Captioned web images
━━━

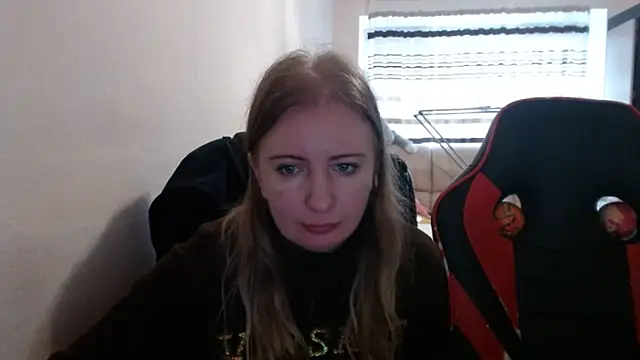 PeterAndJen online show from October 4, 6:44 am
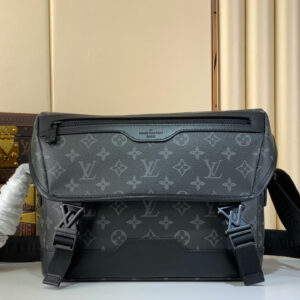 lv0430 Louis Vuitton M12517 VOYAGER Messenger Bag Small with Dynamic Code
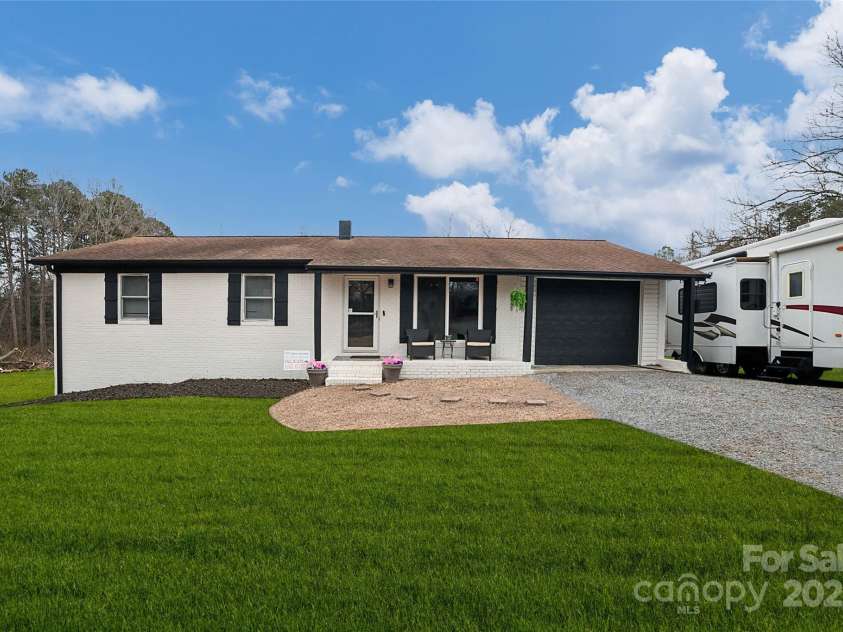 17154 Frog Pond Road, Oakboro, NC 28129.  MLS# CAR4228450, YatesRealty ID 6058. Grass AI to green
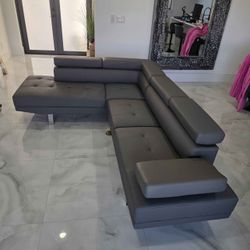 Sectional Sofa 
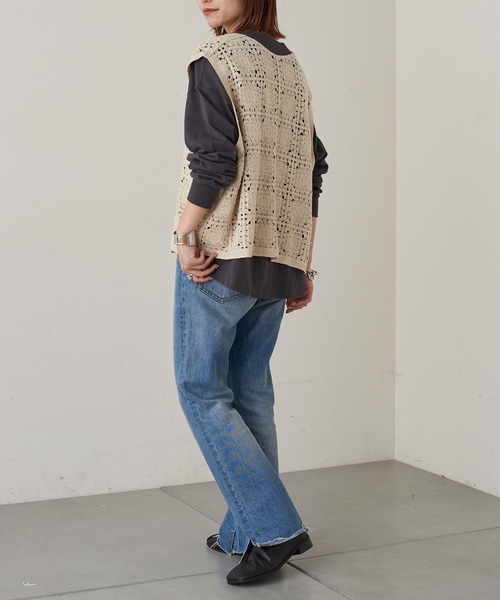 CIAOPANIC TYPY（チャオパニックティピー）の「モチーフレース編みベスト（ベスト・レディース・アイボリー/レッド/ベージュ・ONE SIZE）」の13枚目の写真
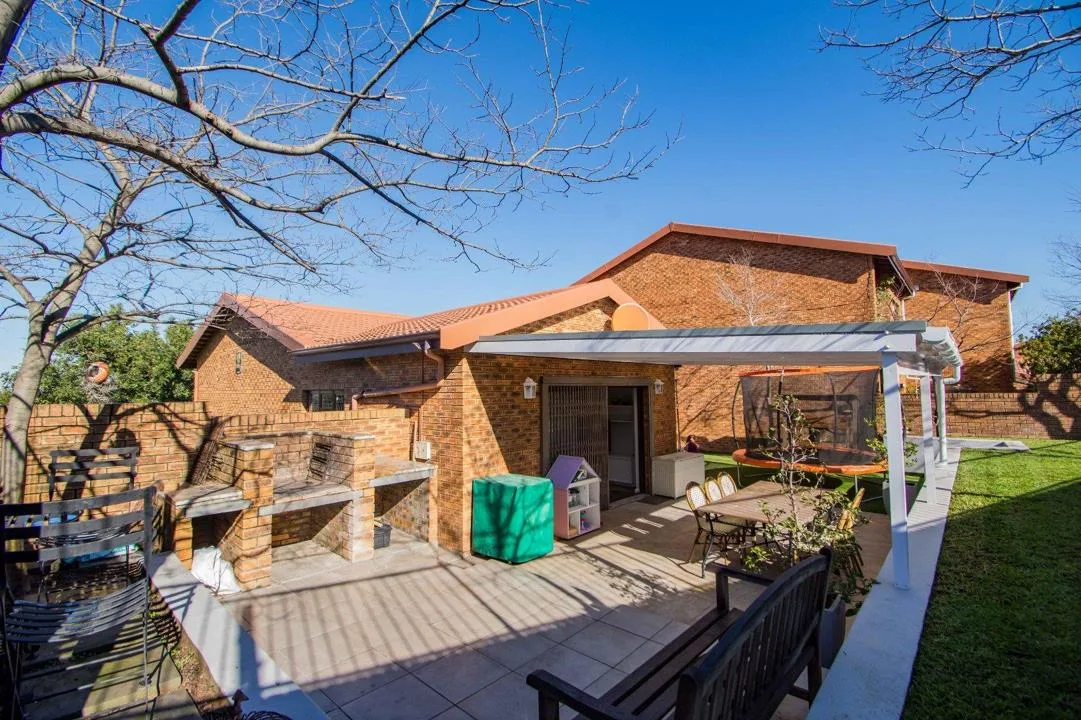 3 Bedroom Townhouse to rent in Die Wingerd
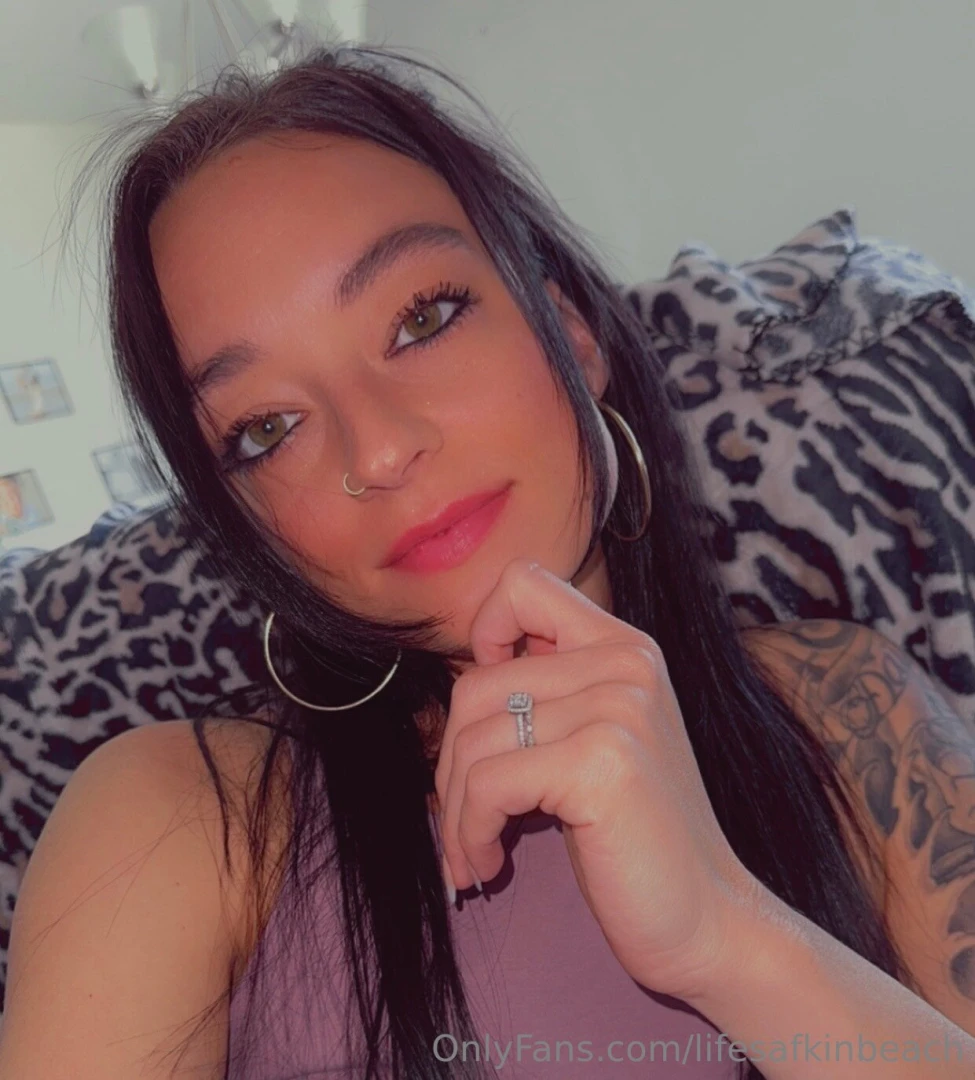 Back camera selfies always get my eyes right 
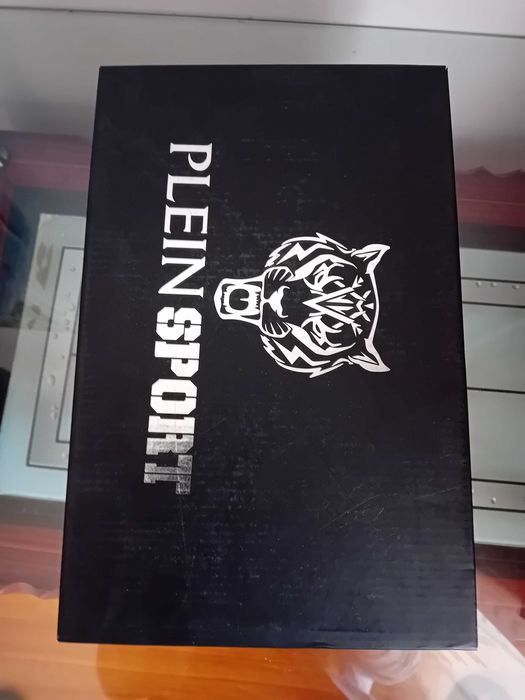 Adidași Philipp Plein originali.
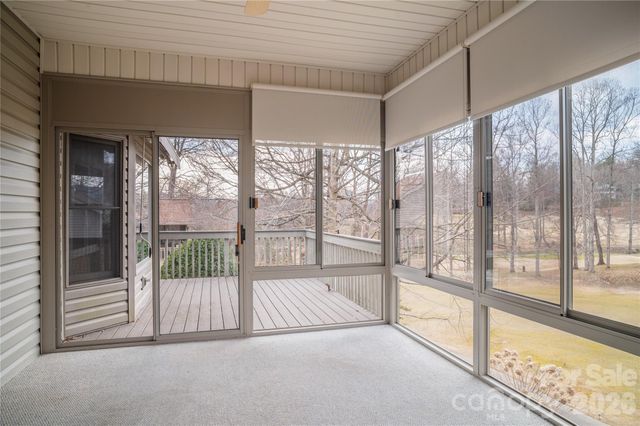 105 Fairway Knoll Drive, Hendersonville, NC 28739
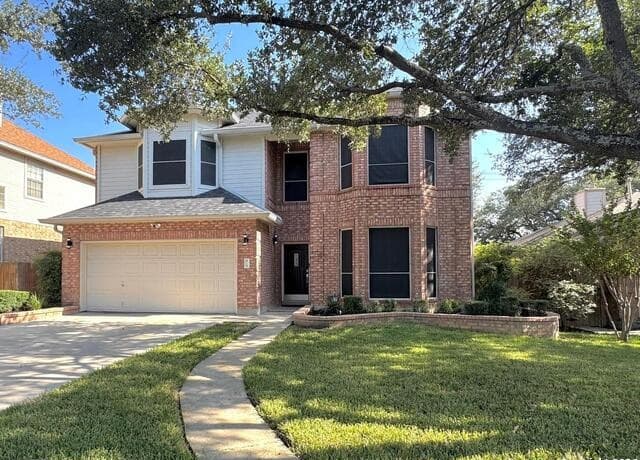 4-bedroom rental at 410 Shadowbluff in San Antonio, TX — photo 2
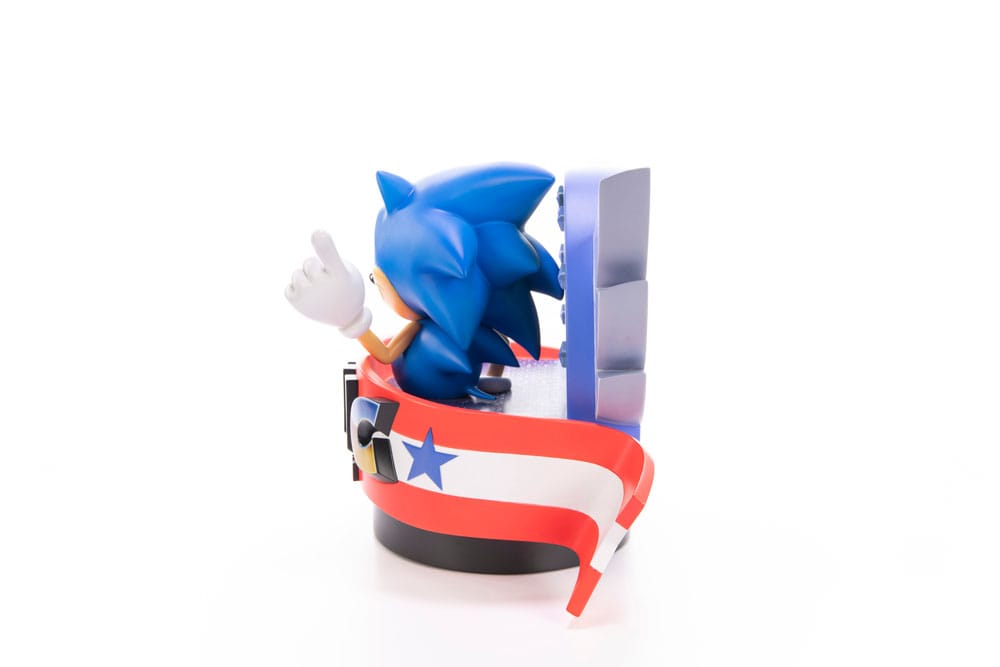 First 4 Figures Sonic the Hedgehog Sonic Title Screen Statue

━━━

The expected output is the full data above, reproduced exactly with no images.

 PeterAndJen online show from October 4, 6:44 am
 lv0430 Louis Vuitton M12517 VOYAGER Messenger Bag Small with Dynamic Code
 17154 Frog Pond Road, Oakboro, NC 28129.  MLS# CAR4228450, YatesRealty ID 6058. Grass AI to green
 Sectional Sofa 
 CIAOPANIC TYPY（チャオパニックティピー）の「モチーフレース編みベスト（ベスト・レディース・アイボリー/レッド/ベージュ・ONE SIZE）」の13枚目の写真
 3 Bedroom Townhouse to rent in Die Wingerd
 Back camera selfies always get my eyes right 
 Adidași Philipp Plein originali.
 105 Fairway Knoll Drive, Hendersonville, NC 28739
 4-bedroom rental at 410 Shadowbluff in San Antonio, TX — photo 2
 First 4 Figures Sonic the Hedgehog Sonic Title Screen Statue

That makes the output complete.